*What is required*:
Apart from the pictures, write out the records that follow exactly.

══ Given data ══

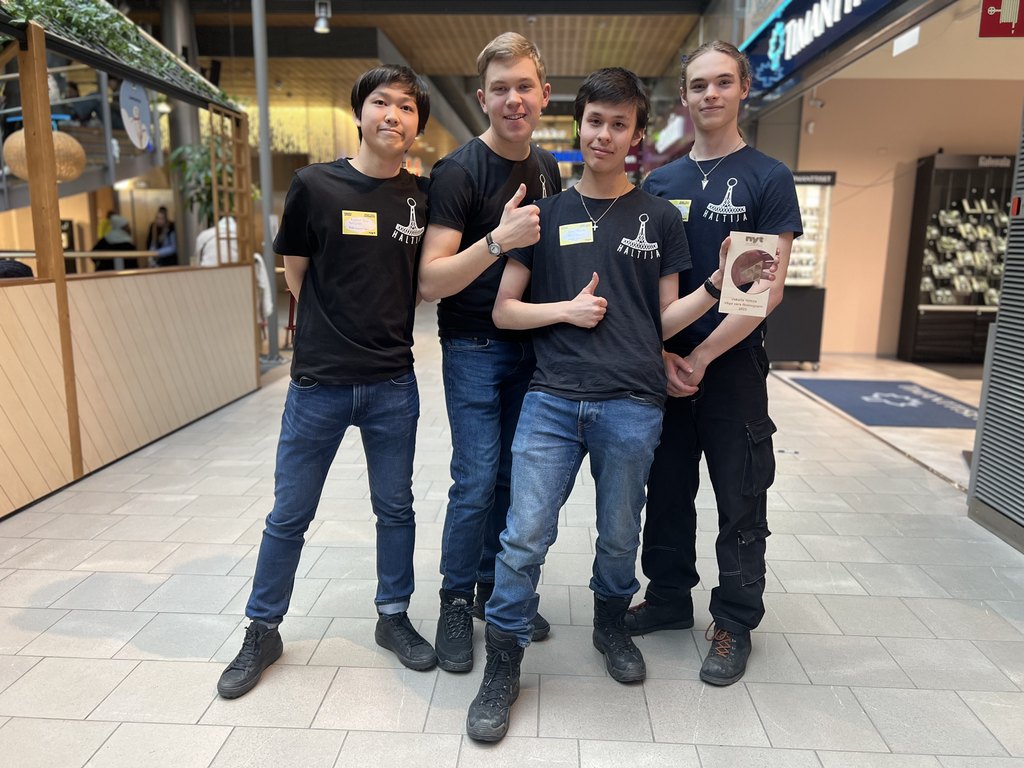 Neljä nuorta seisoo ja poseeraa kameralle, yksi nuorista pitelee palkintopokaalia.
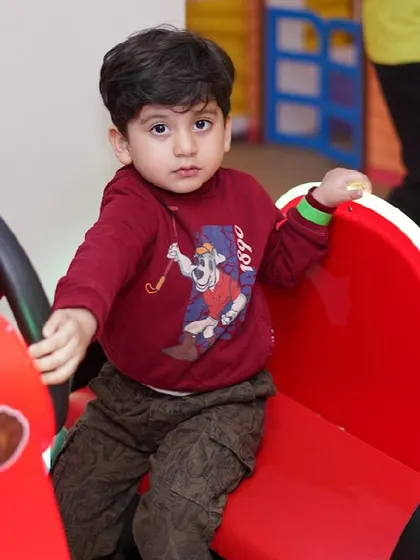 A toddler enjoys a ride in one of our small toy cars.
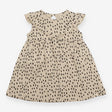 Dress sleeveless cream with black dots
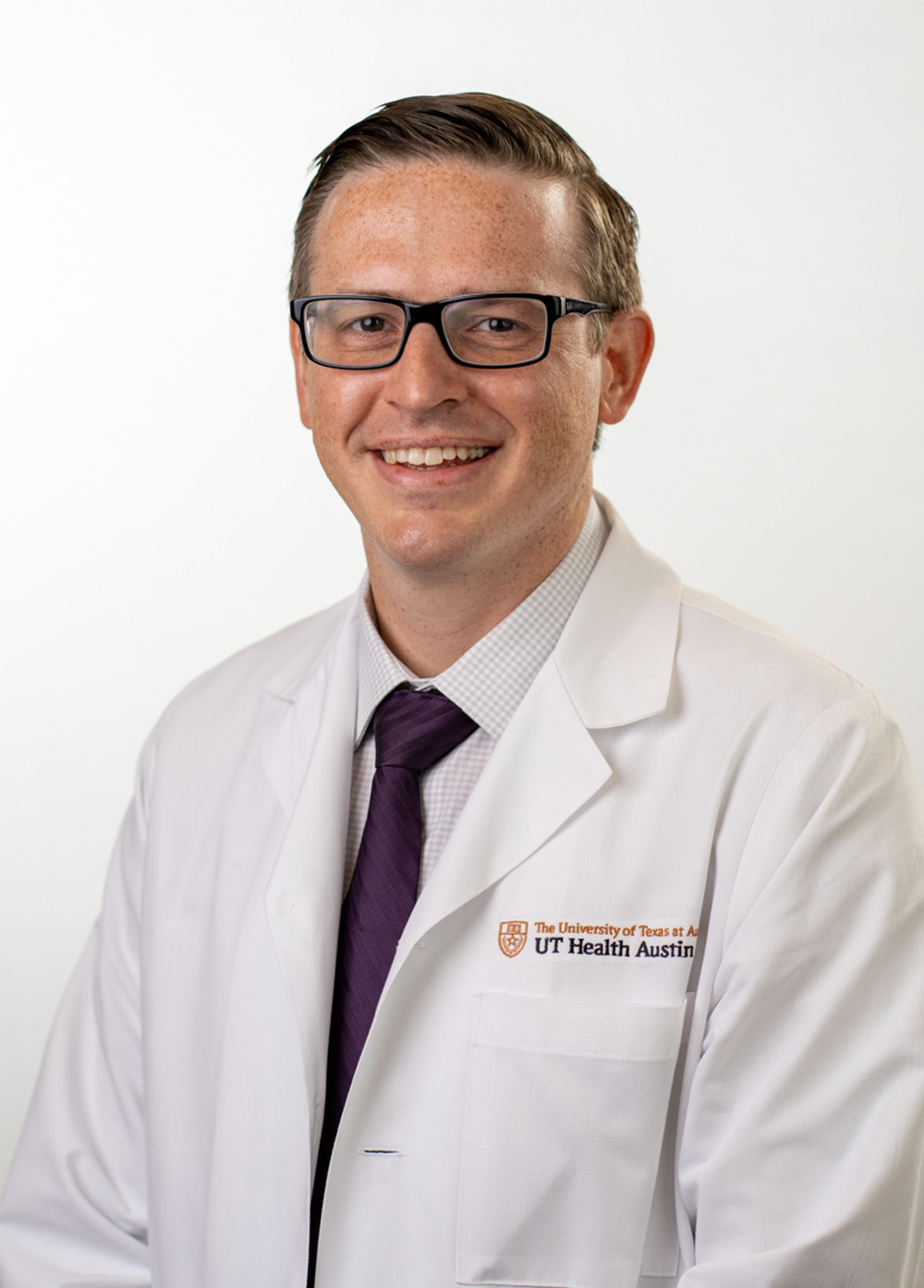 Dr. Neil Venardos wearing a white coat and smiling in front of a white backdrop.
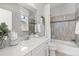 Bright bathroom features a tiled shower and tub, with a vanity and decorative accents at 338 Sage Grouse Cir, Castle Rock, CO 80109
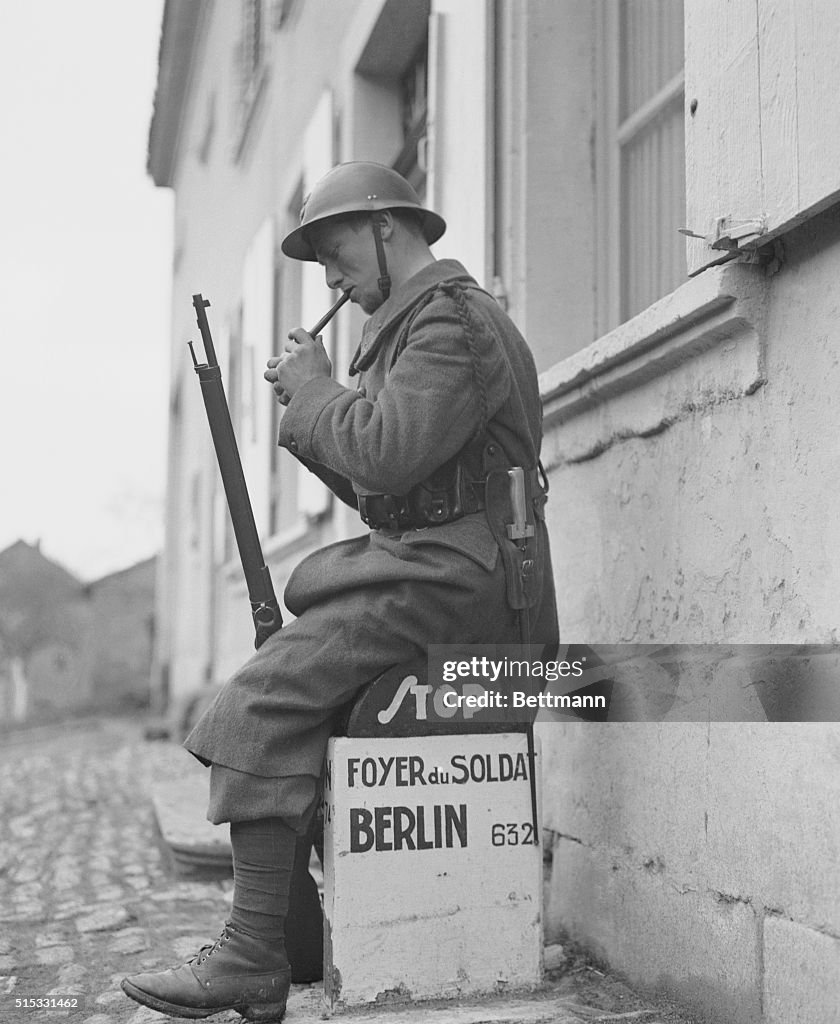 Soldier Lighting His Pipe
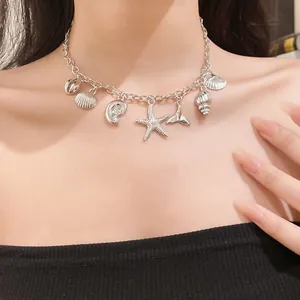 Detailed view of silver sea-themed charm necklace with pearl starfish and shells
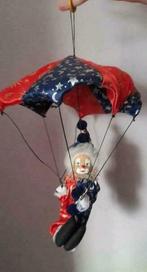 Poupée de porcelaine clown parachute, Enlèvement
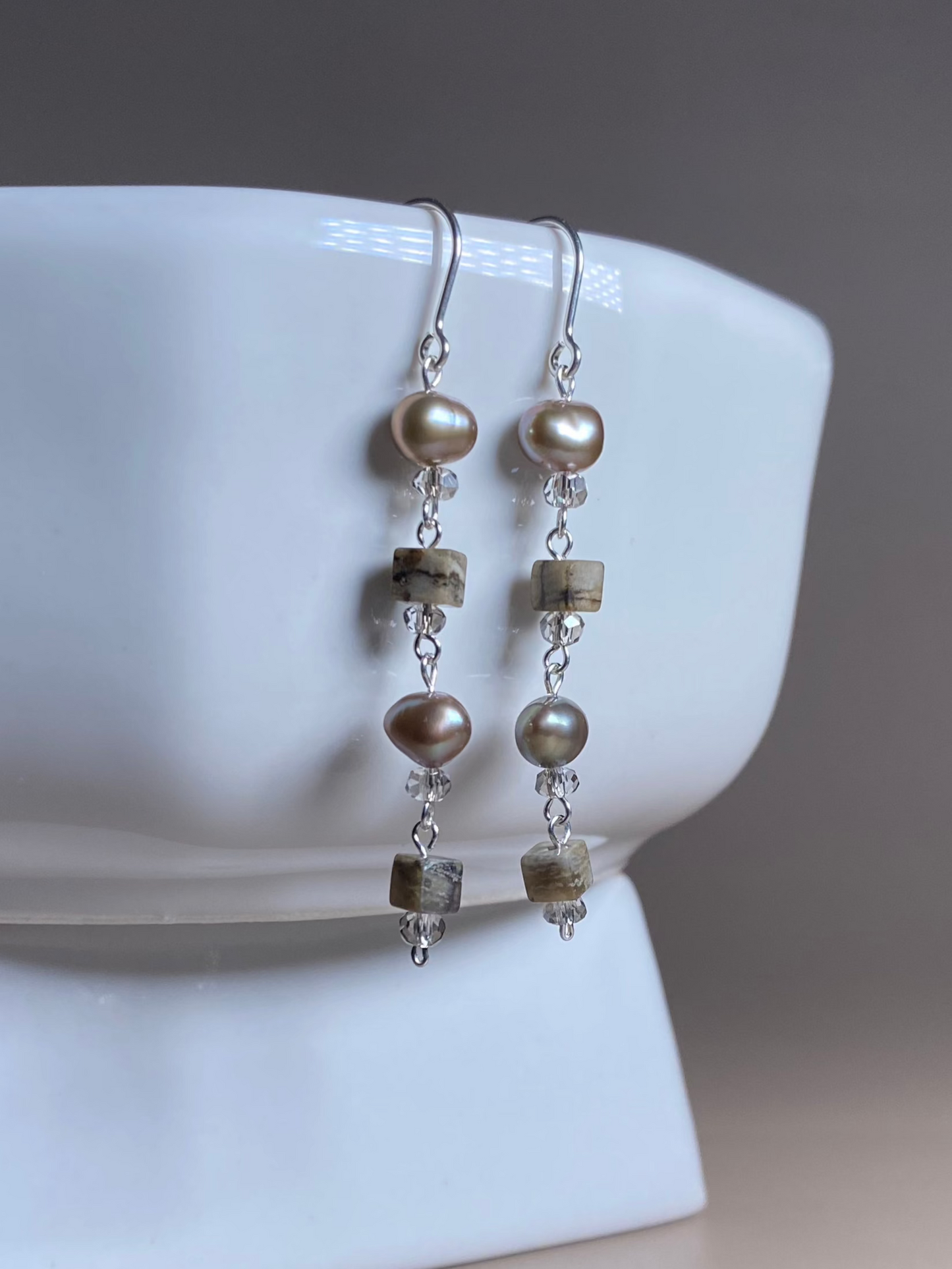 Veronica Pearl & Zebra Earrings with 6mm silver pearls and brown zebra cube beads, elegantly hanging from the side of a white porcelain dish, shining under the light.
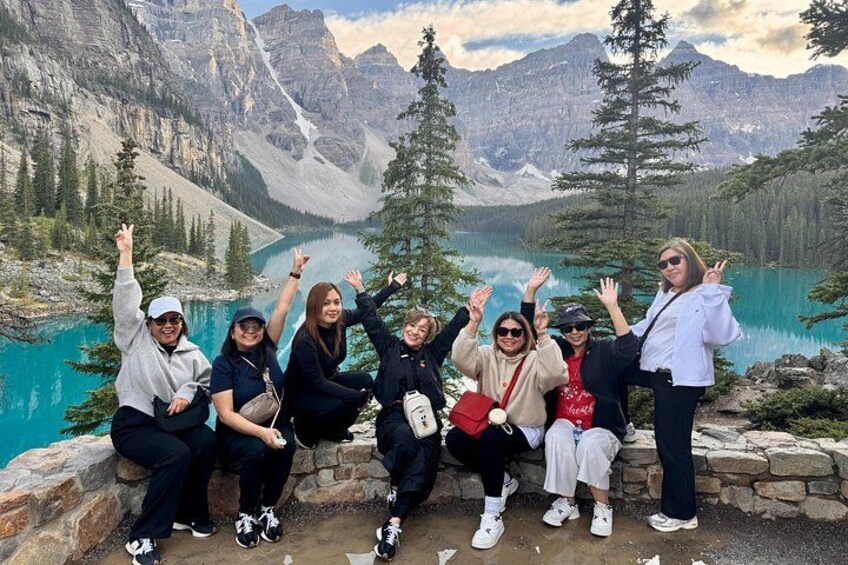A group of people posing by a lake with mountains in the background. 1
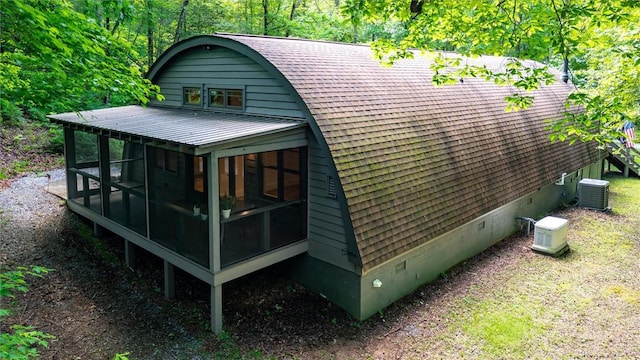 1457 Cheohee Valley Rd, Tamassee, SC 29686 - view of outdoor structure featuring a sunroom and cooling unit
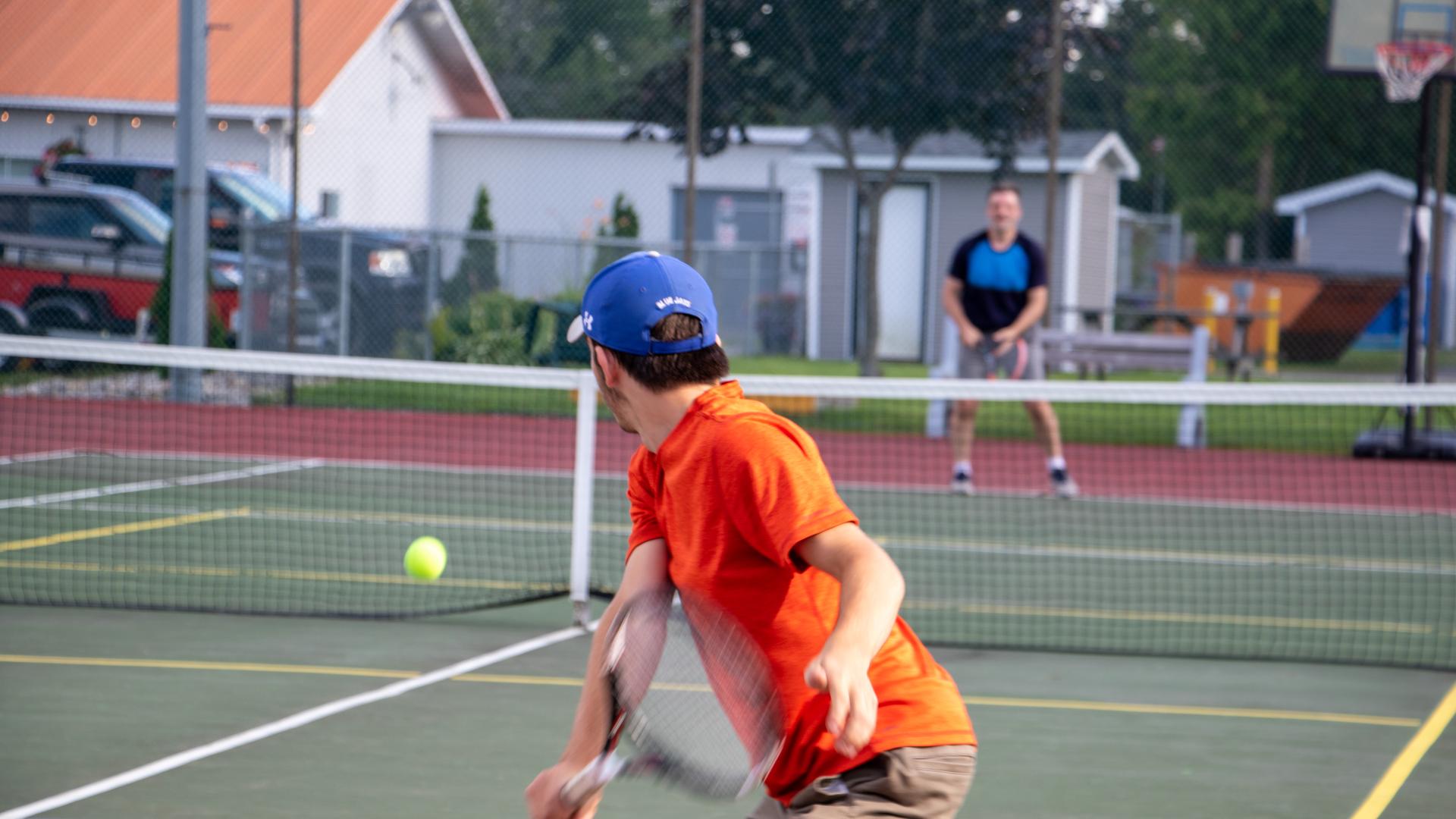 People playing tennis or pickleball on an outdoor court, with one player preparing to return the ball while others play in the background.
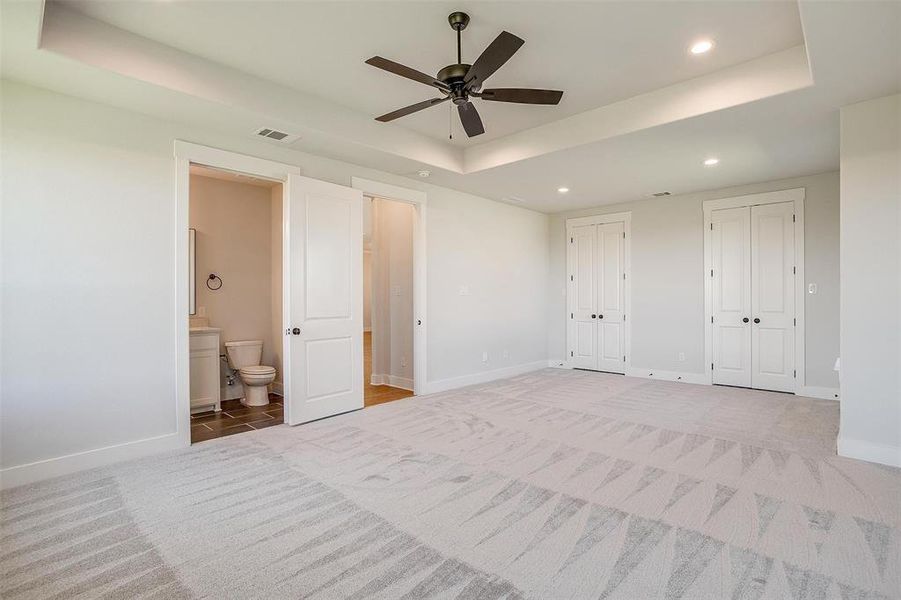 Unfurnished bedroom with ceiling fan, multiple closets, connected bathroom, a tray ceiling, and light colored carpet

═══

*Response to the exercise*:
 Neljä nuorta seisoo ja poseeraa kameralle, yksi nuorista pitelee palkintopokaalia.
 A toddler enjoys a ride in one of our small toy cars.
 Dress sleeveless cream with black dots
 Dr. Neil Venardos wearing a white coat and smiling in front of a white backdrop.
 Bright bathroom features a tiled shower and tub, with a vanity and decorative accents at 338 Sage Grouse Cir, Castle Rock, CO 80109
 Soldier Lighting His Pipe
 Detailed view of silver sea-themed charm necklace with pearl starfish and shells
 Poupée de porcelaine clown parachute, Enlèvement
 Veronica Pearl & Zebra Earrings with 6mm silver pearls and brown zebra cube beads, elegantly hanging from the side of a white porcelain dish, shining under the light.
A group of people posing by a lake with mountains in the background. 1
 1457 Cheohee Valley Rd, Tamassee, SC 29686 - view of outdoor structure featuring a sunroom and cooling unit
 People playing tennis or pickleball on an outdoor court, with one player preparing to return the ball while others play in the background.
 Unfurnished bedroom with ceiling fan, multiple closets, connected bathroom, a tray ceiling, and light colored carpet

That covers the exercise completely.